In the interest of fairness I’ll state that a great many atheists’ assertions that examples such as those above point to the fact that Hitler was a Christian or a Catholic of some specific denomination also seem to be wrong and simplistic. Hitler had a great many negative things to say about Christianity, and often had not great things to say about Catholicism. (He was very careful about those statements however since Catholic support and sufferance were so important to his survival and success.) In the interest of fair play here are some:
“The heaviest blow which ever struck humanity was Christianity; Bolshevism is Christianity’s illegitimate child. Both are inventions of the Jew.” – Adolf Hitler, Table Talk pg. 7
“The best thing is to let Christianity die a natural death…. When understanding of the universe has become widespread… Christian doctrine will be convicted of absurdity…. Christianity has reached the peak of absurdity…. And that’s why someday its structure will collapse…. …the only way to get rid of Christianity is to allow it to die little by little…. Christianity the liar…. We’ll see to it that the Churches cannot spread abroad teachings in conflict with the interests of the State”. Adolf Hitler, Table Talk pg. 49-50.

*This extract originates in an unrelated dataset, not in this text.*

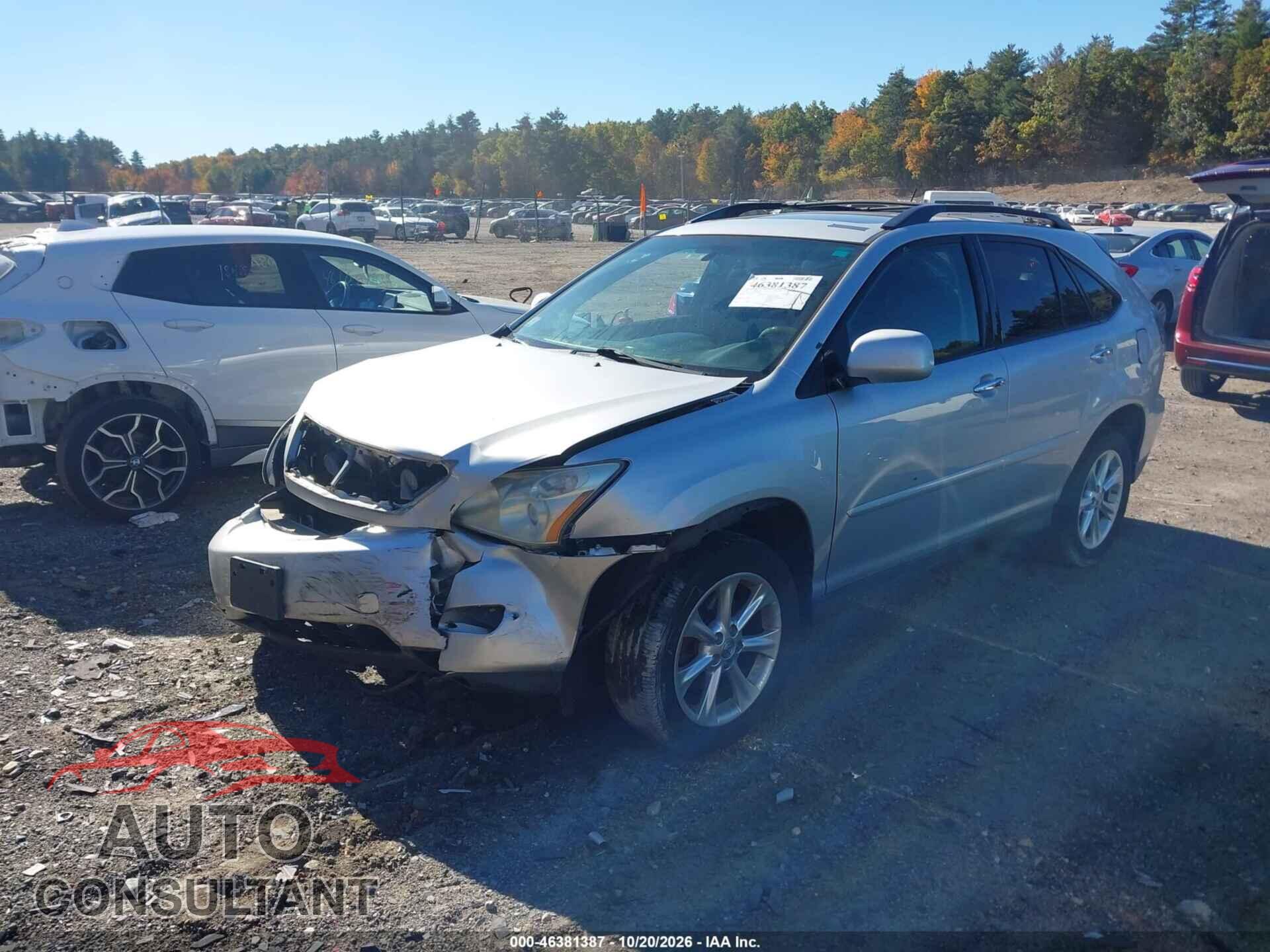 LEXUS RX 350 2009 - 2T2HK31U49C109589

“The reason why the ancient world was so pure, light and serene was that it knew nothing of the two great scourges: the pox and Christianity.” Adolf Hitler, Table Talk October 19th 1941
It must be noted that some English translations of the book “table talk” have been criticized as not being a true showing of the original German text and that some translators have in fact left out theistic elements such as “What man has over the animals, possibly the most marvelous proof of his superiority, is that he has understood there must be a Creative Power!” in order to paint Hitler as a disbeliever for propagandist purposes.
What this post goes the long way around toward demonstrating is that there is absolutely no basis for the idea that Hitler was an Atheist, or that the National Socialist (Nazi) Party was in any way an Atheistic movement. There is every reason to suspect that Hitler himself was a Theist of some description and perhaps even believed himself to be an instrument of the divine. However there is also reason to believe that Hitler would not have considered himself a Christian or even a Catholic. I would ask atheists this: When debating please stay away from this concept. There are more than enough genuine Judeo-Christian atrocities in history without having to reach for the questionable ones. For instance ask instead why the Vatican had a treaty with such a man for years, or why none of the nominally catholic leaders of the Nazi party was ever excommunicated. If we have right and reason on our side then there’s no reason to go for the cheap “Yeah? Well the monster was on YOUR side!!”